* *** Anomaly Detection from Big and Complex Data**

**Collaborators: ** Prof. Shambhu Upadhyaya, Prof. Hung Ngo, Dr. Oliver Kennedy, Dr. Dimitrios Koutsonikolas (UB CSE), Prof. Raghav Rao (UTSA), Dr. Rohit Valecha (UTSA)

**Funding: ** NSF SaTC (Insider Threat Detection), NSF SaTC (Rumor Propagation)

### Insider Threat Detection - Exploiting Data Relationships to Detect Insider Attacks

Insider attacks present an extremely serious, pervasive and costly security problem under critical domains such as national defense and financial and banking sector. Accurate insider threat detection has proved to be a very challenging problem. This project explores detecting insider threats in a banking environment by analyzing database searches.

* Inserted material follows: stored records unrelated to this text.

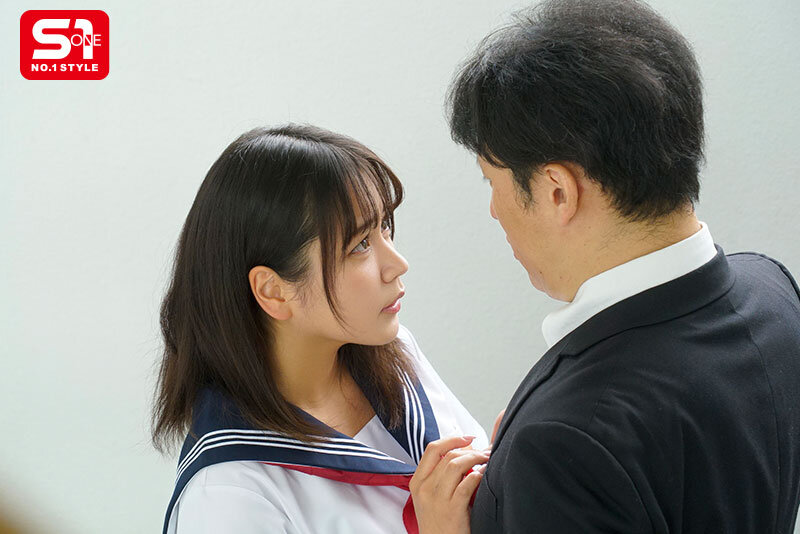 教え子のおっぱいが大きくて柔らかそうで我慢出来ませんでした。生徒のLカップに我を忘れた担任教師は学生相手に何度も何度も吐精してしまったのです。 田野憂 1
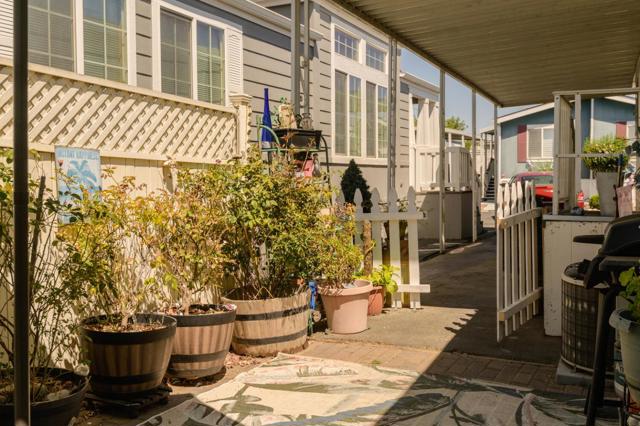 575 San Pedro Avenue, Morgan Hill CA: https://media.crmls.org/mediaz/17c2b842-2f97-44a4-a01f-46f08f67fdbf.jpg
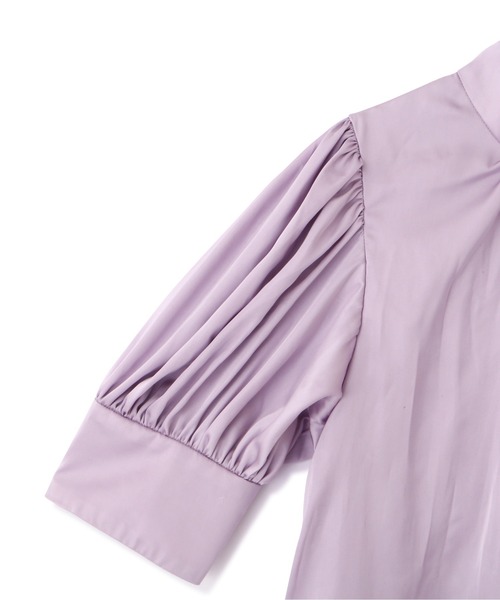 PROPORTION BODY DRESSING(プロポーションボディドレッシング)の「パフスリーブサテンブラウス / 1212210702(シャツ/ブラウス・レディース・ベージュ/パープル/カーキ・FREE)」の17枚目の写真
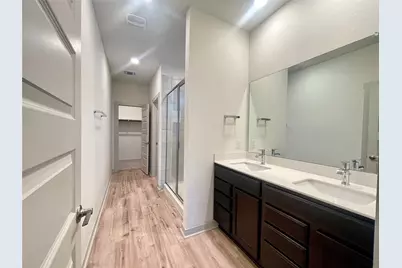 1917 Daleside Lane, Austin, TX 78754 - Photo 14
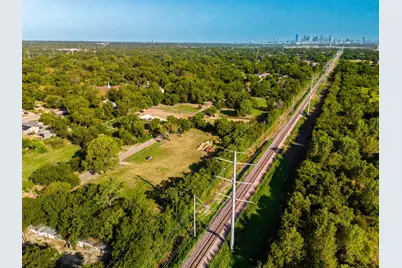 4614 Kolloch Drive, Dallas, TX 75216 - Photo 11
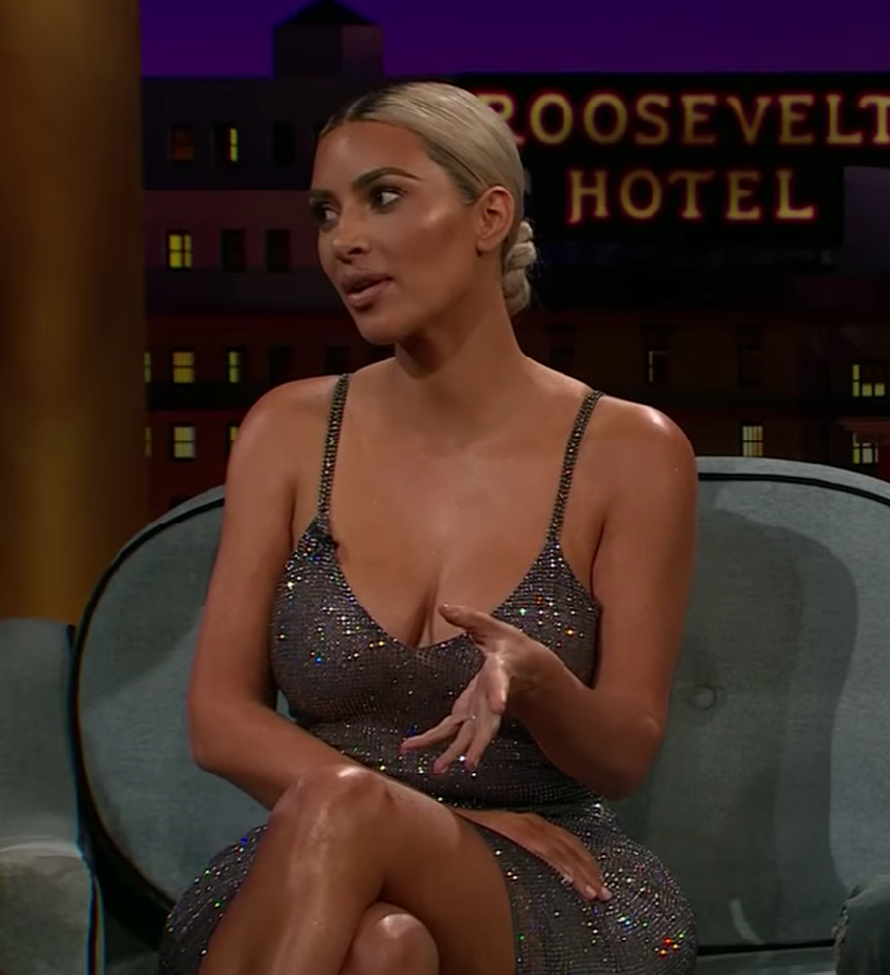 Je li Kim Kardashian imala neke estetske operacije? Obožavatelji kažu: 'Kao da je smanjila grudi'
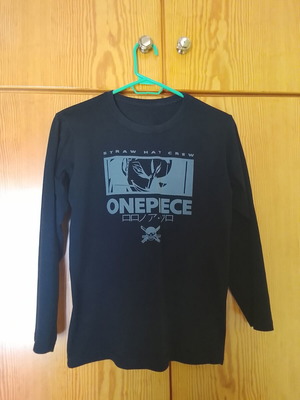 Action long-sleeve shirt for 12-year-old boy like new, black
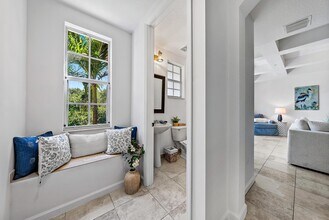 2624 Ravella Ln in Palm Beach Gardens, FL - Foto de edificio - Building Photo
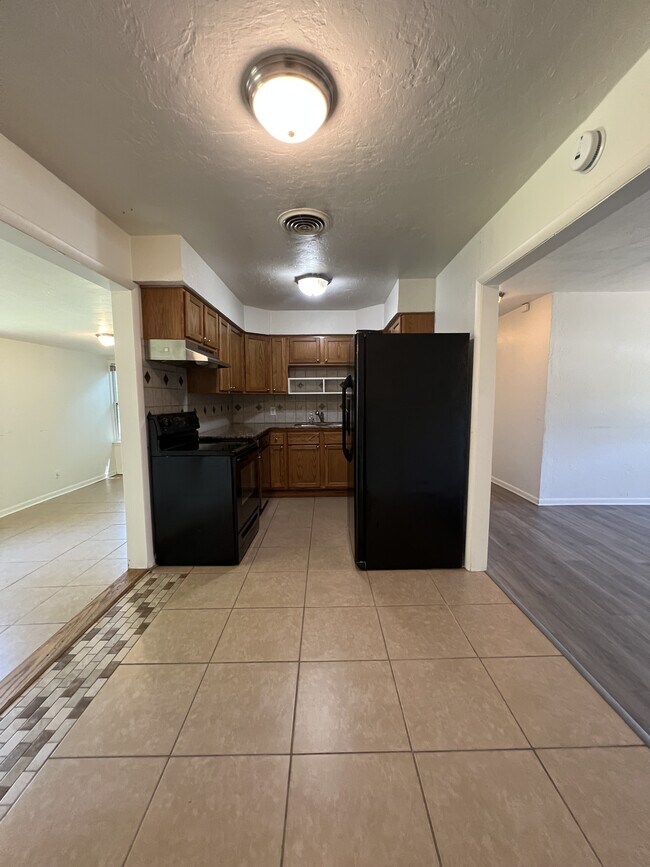 Photo - 703 Terry Dr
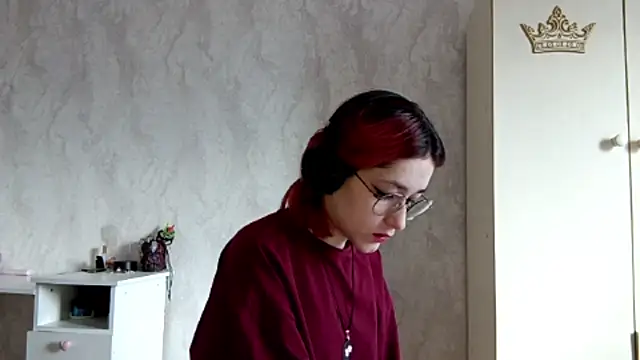 Snapshot of LinaWatter chatting on December 2025 08:30:01 AM LinaWatter online show from December 2025 08:30:01 AM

This research addresses the challenge by formulating and devising machine learning-based solutions to the insider attack problem on relational database management systems (RDBMS), which are ubiquitous and are highly susceptible to insider attacks. In particular, the research uses a new general model for database provenance, which captures both the data values accessed or modified by a user's activity and summarizes the computational path and the underlying relationship between those data values. The provenance model leads naturally to a way to model user activities by labeled hypergraph distributions and by a Markov network whose factors represent the data relationships. The key tradeoff being studied theoretically is between the expressivity and the complexity of the provenance model. The research results are validated and evaluated by intimately collaborating with a large financial institution to build a prototype insider threat detection engine operating on its existing operational RDBMS. In particular, with the help of the security team from the financial institution, the research team addresses database performance, learning scalability, and software tool development issues arising during the evaluation and deployment of the system.

### Understanding Rumor Propagation in Social Networks

One prominent threat action (attack vector) in social cyber-attacks is the use of rumors. We are developing methods that integrate social science and computer science methods and new analysis techniques to process large-scale tweet data for detection and alerting of rumors. One of the key component of such research is the availability of a testbed for validating methods. In the context of social media, this requires a realistic network structure and models for simulating the spread of information, including rumors. We have developed statistical generative models for graphs that are able to capture the properties of graphs/networks that occur in real world [IEEE BigData, 2015].

While in the past, focus was on generating graphs which follow general laws, such as the power law for degree distribution, current models have the ability to learn from observed graphs and generate synthetic approximations. The primary emphasis of existing models has been to closely match different properties of a single observed graph. Such models, though stochastic, tend to generate samples which do not have significant variance in terms of the various graph properties. We argue that in many cases real graphs are part of a population (e.g., networks sampled at various time points, social networks for individual schools, healthcare networks for different geographic regions, etc.). Graphs in a population exhibit variance. However, existing models are not designed to model this variance, which could lead to issues such as overfitting. We propose a graph generative model that focuses on matching the properties of real graphs and the natural variance expected for the corresponding population. The proposed model adopts a mixture-model strategy to expand the expressiveness of Kronecker product based graph models (KPGM), while building upon the two strengths of KPGM, viz., ability to model several key properties of graphs and to scale to massive graph sizes using its elegant fractal growth based formulation. The proposed model, called x-Kronecker Product Graph Model, or xKPGM, allows scalable learning from observed graphs and generates samples that match the mean and variance of several salient graph properties.